- We Beat The System

Background information
- Origin: Sunderland, England
- Genres: Alternative rock Indie rock
- Years active: 2009–present
- Labels: Unsigned – Alternative winners of Live and Unsigned 2010
- Members: Daniel Mason Jonathan Gray Martin Dagg Jon Sandwith David Burlace
- Website: http://www.myspace.com/webeatthesystemuk

= We Beat The System =

We Beat The System are a five-piece English, alternative rock band from Sunderland. Formed in 2009, the group consists of Daniel Mason (lead singer & keyboard), Jonathan Gray (guitar), Martin Dagg (guitar), Jon Sandwith (bass guitar) and David Burlace (drums and percussion). The band has been tipped by the BBC as having a "promising future ahead of them" after winning the Best Alternative Act category in the Live and Unsigned 2010 competition at the O2 Arena in London – the United Kingdom's largest national music competition for unsigned bands.

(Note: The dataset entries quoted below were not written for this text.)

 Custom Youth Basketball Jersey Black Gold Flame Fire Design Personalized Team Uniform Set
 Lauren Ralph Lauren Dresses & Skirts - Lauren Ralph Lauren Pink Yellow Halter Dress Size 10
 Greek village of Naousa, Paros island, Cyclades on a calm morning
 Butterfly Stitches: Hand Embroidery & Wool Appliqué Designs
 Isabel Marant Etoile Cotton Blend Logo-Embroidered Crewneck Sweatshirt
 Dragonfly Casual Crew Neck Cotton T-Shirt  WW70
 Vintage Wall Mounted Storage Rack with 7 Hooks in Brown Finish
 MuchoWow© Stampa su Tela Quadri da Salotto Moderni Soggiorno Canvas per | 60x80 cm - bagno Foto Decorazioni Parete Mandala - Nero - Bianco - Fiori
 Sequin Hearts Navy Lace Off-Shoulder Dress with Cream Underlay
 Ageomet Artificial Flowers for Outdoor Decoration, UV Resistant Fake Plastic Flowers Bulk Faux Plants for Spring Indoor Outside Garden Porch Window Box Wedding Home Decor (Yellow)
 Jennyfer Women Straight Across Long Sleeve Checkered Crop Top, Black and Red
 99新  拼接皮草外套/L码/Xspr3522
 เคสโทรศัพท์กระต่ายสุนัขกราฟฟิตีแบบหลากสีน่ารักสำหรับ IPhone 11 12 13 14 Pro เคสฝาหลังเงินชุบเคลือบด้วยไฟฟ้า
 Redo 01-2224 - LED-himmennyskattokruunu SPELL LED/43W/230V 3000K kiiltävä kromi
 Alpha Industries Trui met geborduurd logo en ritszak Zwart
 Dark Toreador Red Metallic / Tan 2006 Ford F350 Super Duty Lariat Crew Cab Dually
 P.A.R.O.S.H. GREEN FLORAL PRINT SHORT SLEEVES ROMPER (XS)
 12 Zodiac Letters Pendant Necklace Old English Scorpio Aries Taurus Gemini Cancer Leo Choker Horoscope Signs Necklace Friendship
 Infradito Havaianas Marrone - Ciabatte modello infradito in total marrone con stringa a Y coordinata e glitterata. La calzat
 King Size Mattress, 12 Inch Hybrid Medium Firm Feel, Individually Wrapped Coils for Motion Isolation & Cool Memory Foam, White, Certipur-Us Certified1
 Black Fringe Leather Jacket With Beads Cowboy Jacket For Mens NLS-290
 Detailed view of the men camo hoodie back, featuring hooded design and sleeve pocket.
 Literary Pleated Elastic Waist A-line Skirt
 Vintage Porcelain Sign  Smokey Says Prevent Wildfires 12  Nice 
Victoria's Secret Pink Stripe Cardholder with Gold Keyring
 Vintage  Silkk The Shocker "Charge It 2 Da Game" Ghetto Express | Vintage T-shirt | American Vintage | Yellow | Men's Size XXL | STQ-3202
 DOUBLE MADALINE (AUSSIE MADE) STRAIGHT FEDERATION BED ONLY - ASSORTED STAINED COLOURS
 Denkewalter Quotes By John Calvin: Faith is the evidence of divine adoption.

The members of We Beat The System met while attending the Venerable Bede Church of England School in Sunderland and formed the band in October 2009. They have since supported The Automatic, Frankie & The Heartstrings, Chapel Club, Flashguns, Dutch Uncles and Wilder. After winning Live and Unsigned, the band was invited to play at Sunderland's 2010 Split Festival. The band has since played at Newcastle's 2011 Evolution Festival and is currently recording with Let’s Buy Happiness guitarist James Hall. The sound of the band has been described as Alternative/Post-Punk Revival, similar to bands such as Editors, White Lies, Radiohead and early U2.